Expectations are exceptionally high for the future of Canadian oilsands expansion. In April of this year, the Conference Board of Canada projected that industry will spend over $100 billion (Canadian) on new oilsands development and upgrading projects in the coming decade.

Some analysts estimate that production of bitumen and synthetic crude from Canadian oilsands will almost triple in the coming decade (Fig. 1) and could jump more than fourfold by 2025.

Click here to enlarge image

That optimistic outlook is tempered somewhat by concerns over availability of natural gas, water, and personnel to support the oilsands boom, as well as the prospect of tightening environmental strictures related to carbon emissions reduction.

Still, enthusiasm remains undiminished for a resource that has evolved from lowly origins to its current role as the best chance for stemming the relentless decline of oil production in North America.
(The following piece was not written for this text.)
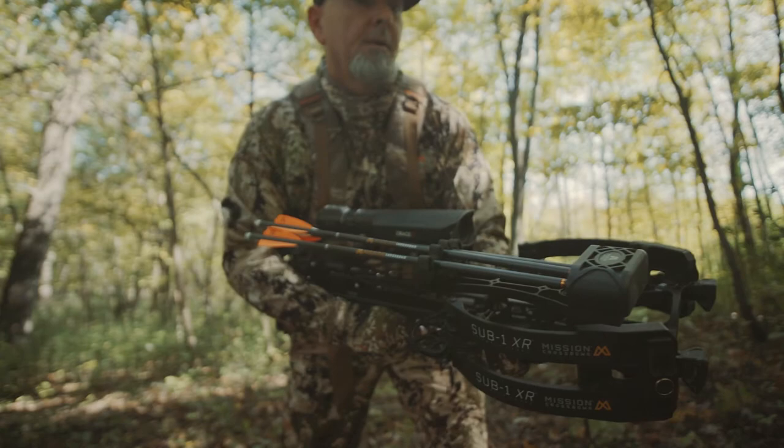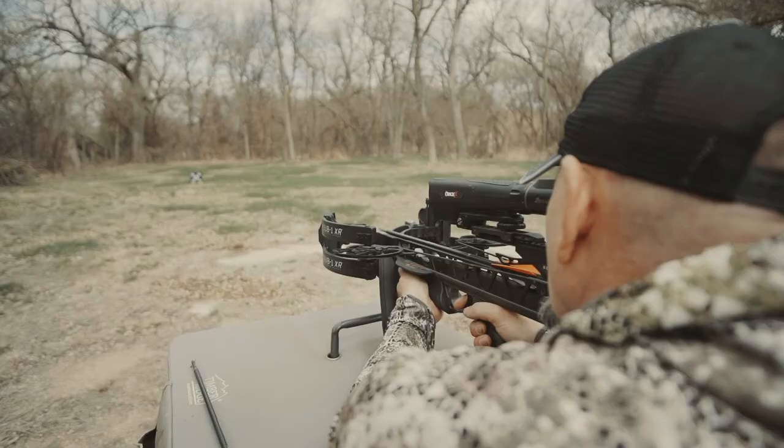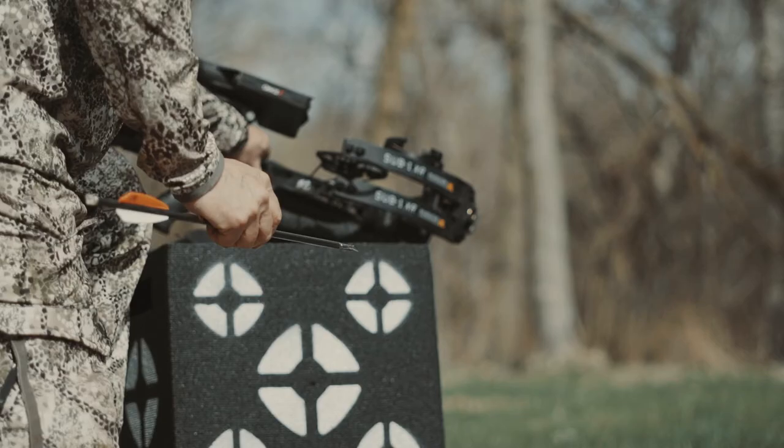Today's premium crossbows, like this Mission Sub-1XR, are incredibly accurate, and in the case of this particular model, that accuracy can extend way out well past distances you'd ever shoot at a game animal in the field.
Alberta’s oilsands resource has come a long way from 1883, when the Geological Survey of Canada’s G.C. Hoffman first tried to separate Canadian bitumen from oilsand with water.

In 1915, subsequent experimentation with oilsands separation techniques by Canada’s Federal Mines Branch led to paving 600 ft of road in Edmonton, Alta., with bitumen that withstood 50 years of traffic.

In 1928, the Alberta Research Council’s Karl Clark was granted a patent for a hot water extraction process not too far removed from that used today for mined bitumen.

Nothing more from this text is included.